Everyone can be discontented if he ignores his blessings and looks only at his burdens. ~Thomas S. Monson
Question #92625 posted on 09/26/2019 7:49 a.m.
Q:

Dear 100 Hour Board,

Tonight I have been putting a lot -- nay, an unnatural amount -- of thought into the history of sirens on emergency vehicles. It seems natural that as traffic increased after the advent of early automobiles people had the ideas for stop signs and traffic lights to make things go more smoothly. At what point did some person go, "Hey, should we give those guys the power to use their horns with legal impunity so they can get where they are going?" Who decided that? I need a history of the development of sirens in early automobile history and you folks seemed like just the ones to ask.

-I am incredibly high right now

A:

Dear High Flyer, 

Obviously the history of sirens and noisemakers predates that of cars. In fact, Wikipedia explains that the siren seems to be invented in the late 1790s by John Robinson. Originally, it was powered by the pipes of an organ. However, these early sirens were meant to be used as instruments, not really as "alerting" items. Some improvements were made over time, which you can read about here. Eventually, it was fitted with a horn to amplify the noise. 

Most early forms of emergency vehicles were outfitted with bells on the front of them to alert motorists they were coming. Eventually, air sirens and airhorns were invented and used, which is wear the vintage wail you may think of comes from. Now, they have the electronic sirens that have different types of sounds that can mean different things. There's the typical wail that they use when navigating to an emergency, but there are also shorter sounds that can be used to get someone's attention. 

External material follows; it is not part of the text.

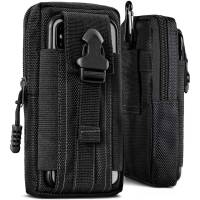 ONEFLOW Survival Case für LG K61 – Handy Gürteltasche aus Oxford Nylon mit Karabiner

There is also a new development that allows police cars to interrupt the FM radio signals of all cars within a short range. Your car can't refuse the signal, because it's an "emergency signal." Additionally, apparently there is also something called a "Rumbler" that can emit low frequency sounds that you can feel instead of just hear. I don't know how I feel about that. Read more about Police car sirens and such here

In any case, it's actually pretty rare that cops abuse their sirens to maneuver through traffic just because they feel like it. Honestly, I'm grateful they have sirens and that laws that allow emergency vehicles through traffic because if anything ever happened, I'd rather they get to me as fast as possible, not get stuck at red lights behind fools on their cell phones and other average joes.